The Los Angeles Times meldt dat de Dalai Lama een spion is van de Amerikaanse inlichtingendiensten. De krant baseert het verhaal op onlangs vrijgegeven documenten van de CIA.
Gedurende een groot deel van de jaren zestig voorzag de CIA de Tibetaanse beweging in ballingschap van 1,7 miljoen dollar per jaar voor operaties tegen China, inclusief een jaarlijkse subsidie van 180.000 dollar voor de Dalai Lama.
Het geld voor de Tibetanen en de Dalai Lama maakte deel uit van de wereldwijde inspanningen van de CIA tijdens het hoogtepunt van de Koude Oorlog om communistische regeringen te ondermijnen, met name in de Sovjet-Unie en China. In feite gaf het Amerikaanse regeringscomité – dat de Tibetaanse operaties goedkeurde – ook toestemming voor de invasie van de Varkensbaai op Cuba.
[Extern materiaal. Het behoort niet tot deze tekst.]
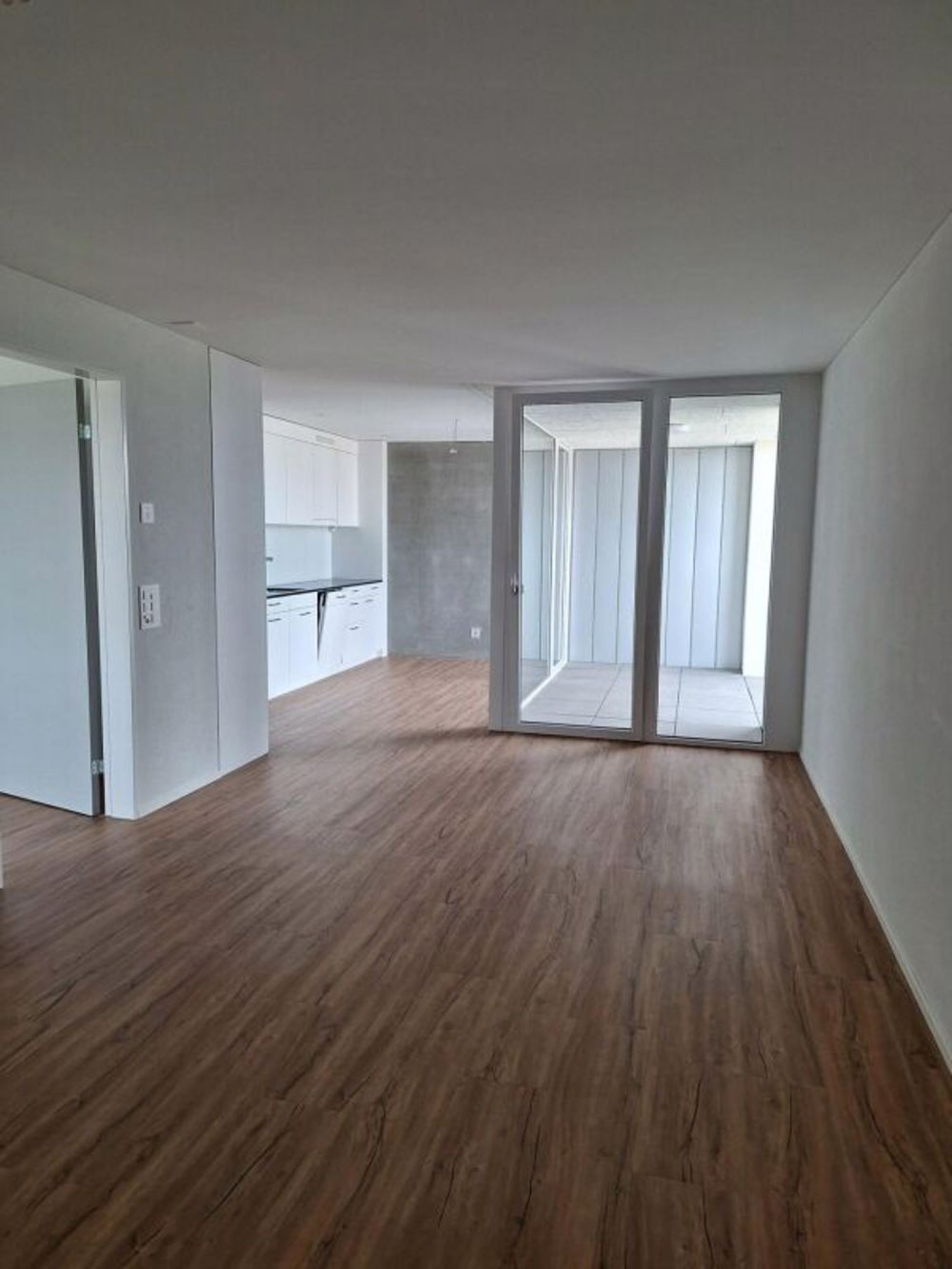 Erstvermietung: 2.5 Zimmerwohnung im 3. Obergeschoss - Bild 2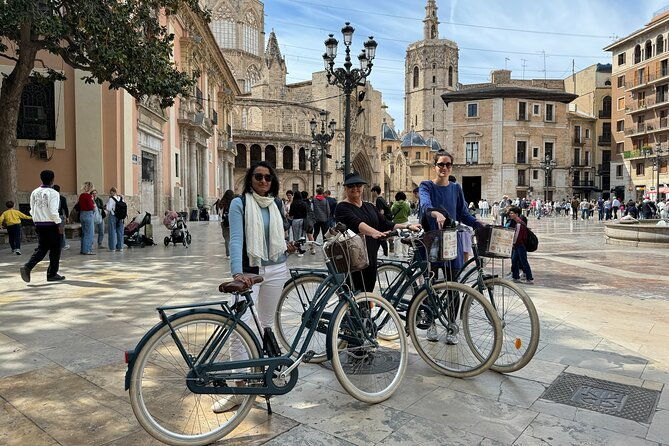 valencia-guided-bike-or-e-bike-tour-in-small-group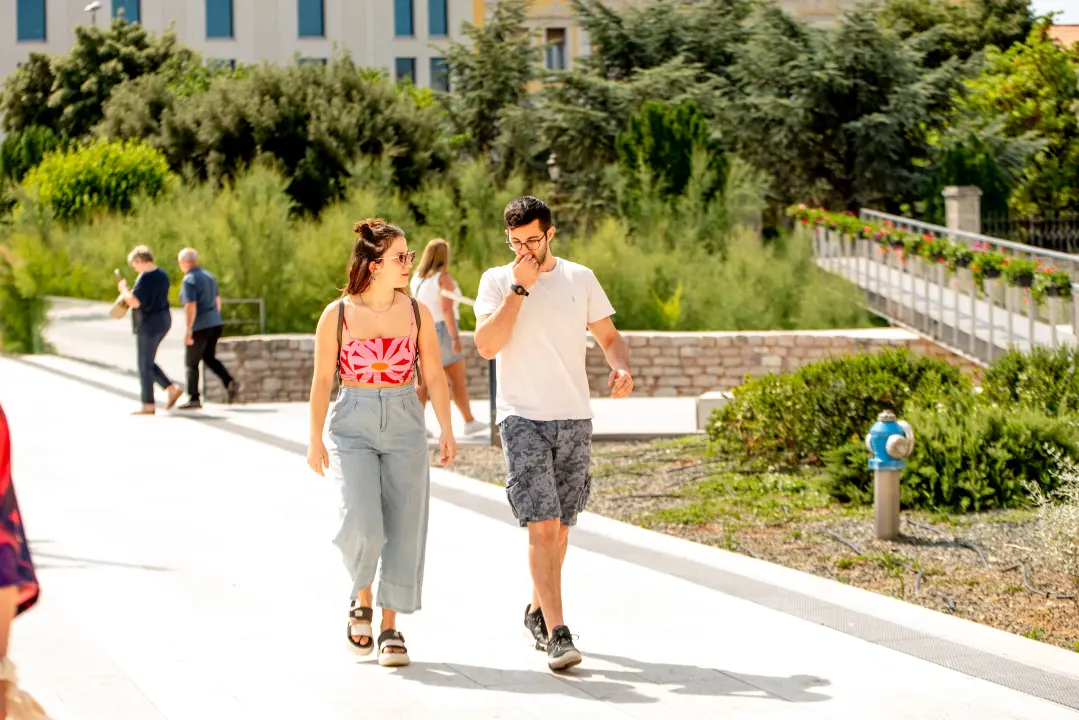 Ljetne haljine i lepršavi komadi preplavili su centar grada!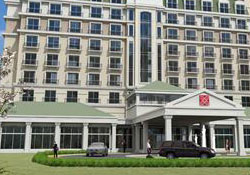 Hilton teğet geçti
De documenten, vorige maand gepubliceerd door het ministerie van Buitenlandse Zaken, illustreren de historische achtergrond van de huidige situatie in Tibet, waarin China de Dalai Lama blijft beschuldigen een agent te zijn van buitenlandse troepen die Tibet van China willen scheiden.
Het CIA-programma omvatte steun aan Tibetaanse guerrillastrijders in Nepal, een geheime militaire trainingslocatie in Colorado, ‘Tibet Houses’ om Tibetaanse zaken in New York en Genève te promoten, onderwijs aan Tibetaanse agenten aan de Cornell University en het faciliteren van verkenningsteams.
Dalai Lama kreeg in het verleden van de voormalig President van de Verenigde Staten, George W. Bush, de Congressional Gold Medal uitgereikt. Deze hoogste Amerikaanse onderscheiding viel hem te beurt ‘als erkenning voor het feit dat hij vrede, tolerantie, mensenrechten, geweldloosheid en wereldwijde compassie predikt’.
De Chinese regering noemde de uitreiking spottend ‘Chinese opera.’